Revisione della somministrazione farmacologica nelle diagnosi “in prosecuzione”

La Suprema Corte di Cassazione, con orientamento risalente e consolidato, ha affermato come versi in colpa il sanitario che, di fronte ad una sintomatologia idonea a porre una c.d. “diagnosi differenziale”, mantenga ferma l’erronea posizione diagnostico/ terapeutica iniziale (cfr. sul punto Cassazione civile, Sez. IV, 3 febbraio 2006, n. 4452: “In tema di responsabilità professionale medica, nel caso in cui il sanitario si trovi di fronte ad una sintomatologia idonea a porre una diagnosi differenziale, la condotta è colposa quando non vi si proceda, mantenendosi nell’erronea posizione diagnostica iniziale. E ciò vale non soltanto per le situazioni in cui la necessità della diagnosi differenziale sia già in atto, ma anche quando è prospettabile che vi si debba ricorrere nell’immediato futuro a seguito di una prevedibile modificazione del quadro o della significatività del perdurare del quadro già esistente…”).

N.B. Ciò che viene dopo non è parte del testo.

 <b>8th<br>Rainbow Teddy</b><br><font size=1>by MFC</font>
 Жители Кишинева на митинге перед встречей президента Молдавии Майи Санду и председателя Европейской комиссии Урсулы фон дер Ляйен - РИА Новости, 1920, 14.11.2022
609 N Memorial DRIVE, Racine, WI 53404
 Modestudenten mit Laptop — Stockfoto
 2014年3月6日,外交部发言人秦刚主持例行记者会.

Tale principio appare intuitivamente comprensibile alla luce delle obbligazioni che tipicamente caratterizzano la prestazione del medico, finalizzata a porre in essere la terapia più favorevole per la salute del paziente.

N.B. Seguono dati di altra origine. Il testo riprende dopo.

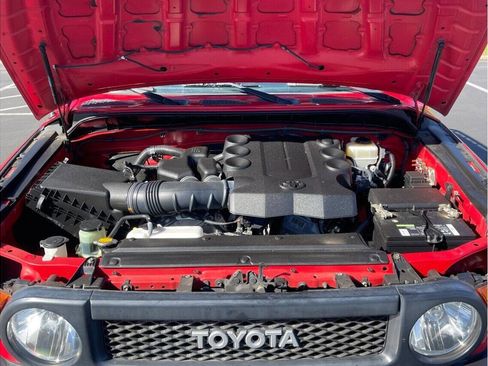 Used 2012 Toyota FJ Cruiser 4WD image 17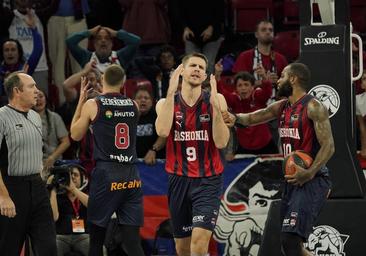 Los árbitros invalidan el triple final de Marinkovic 40 minutos después del final del Baskonia-Gran Canaria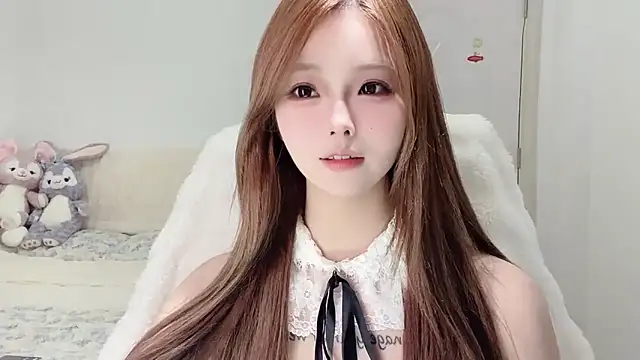 Snapshot of xiaoyugan-99 chatting on 09-19-25, 03:13 xiaoyugan-99 online show from 09-19-25, 03:13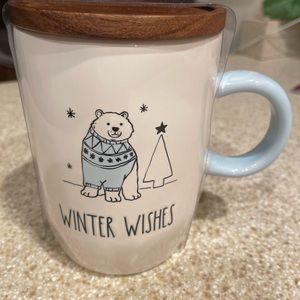 Rae Dunn mug w/lid. New-never used. Great for coffee-soup-etc. Pretty colors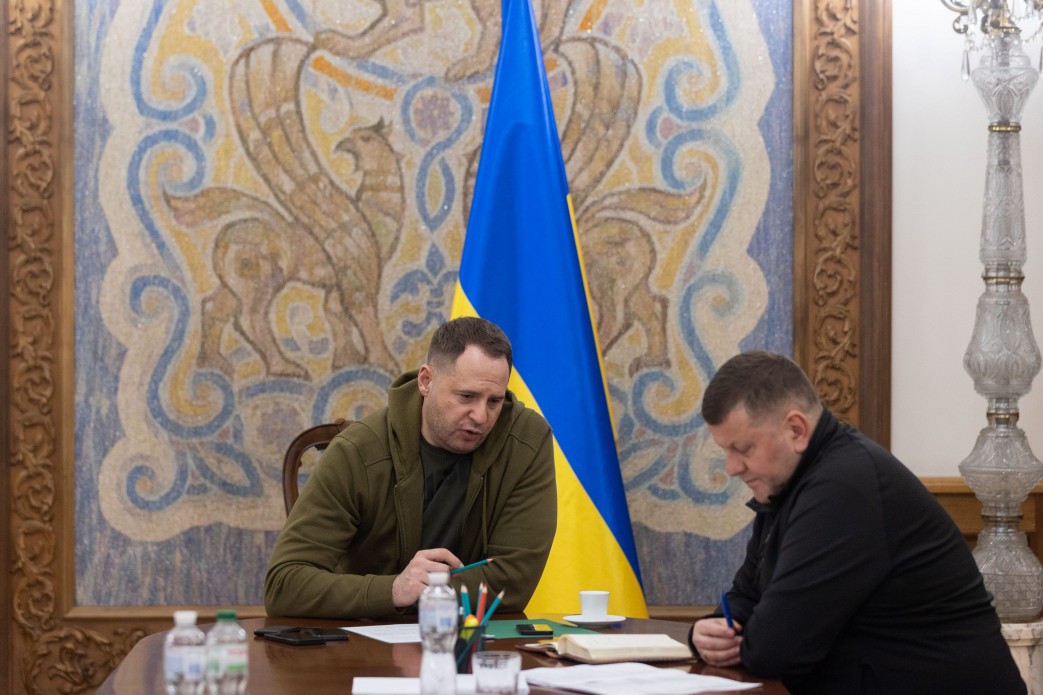 Zaluzhny refused Ermak, not joining Zelensky’s team – The Guardian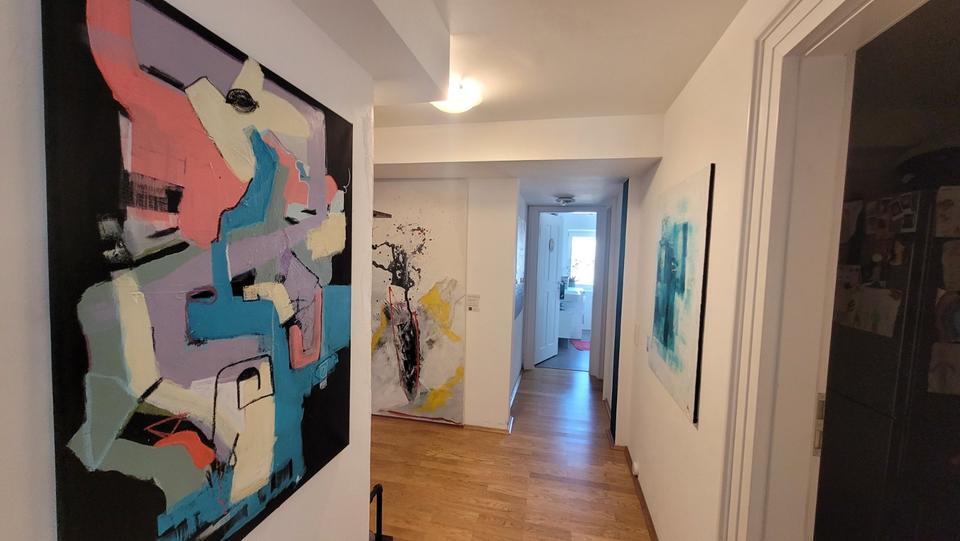 Mitbewohnerin ü 30 für geteilte 130qm Wohnunng (2 Zi sind deine)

Quindi il medico che, a fronte di una sintomatologia, di anamnesi o di altre notizie idonee a porre decisamente in dubbio la sua (inesatta) diagnosi iniziale, rimanga invece arroccato sulla stessa, trascurando di prendere in considerazione una diagnosi differenziale, dovrà essere considerato responsabile di imperizia e di negligenza.

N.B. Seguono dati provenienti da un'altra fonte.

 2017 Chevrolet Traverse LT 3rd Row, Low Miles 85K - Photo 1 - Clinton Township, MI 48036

Cosa succede però (e come si atteggia il contenuto dell’obbligazione del medico) se la diagnosi iniziale ha previsto l’impostazione di una corretta terapia farmacologica che però, a lungo andare, ha determinato gravi effetti collaterali che sarebbero stati scongiurati con una revisione dei dosaggi, con la sospensione della terapia o con la somministrazione di altri farmaci?

Anche in questi casi, secondo la giurisprudenza, il principio del dubbio in merito alla correttezza della prosecuzione della terapia farmacologica già impostata (non importa se da un altro medico) appare certamente applicabile se la somministrazione del farmaco evidenzi effetti collaterali dannosi (o comunque tali da aggravare il pregiudizio all’integrità psico.fisica del paziente) ed il medico ometta di valutare la somministrazione di farmaci alternativi (o la sospensione della terapia) od, infine, la somministrazione di essa ad un più basso dosaggio.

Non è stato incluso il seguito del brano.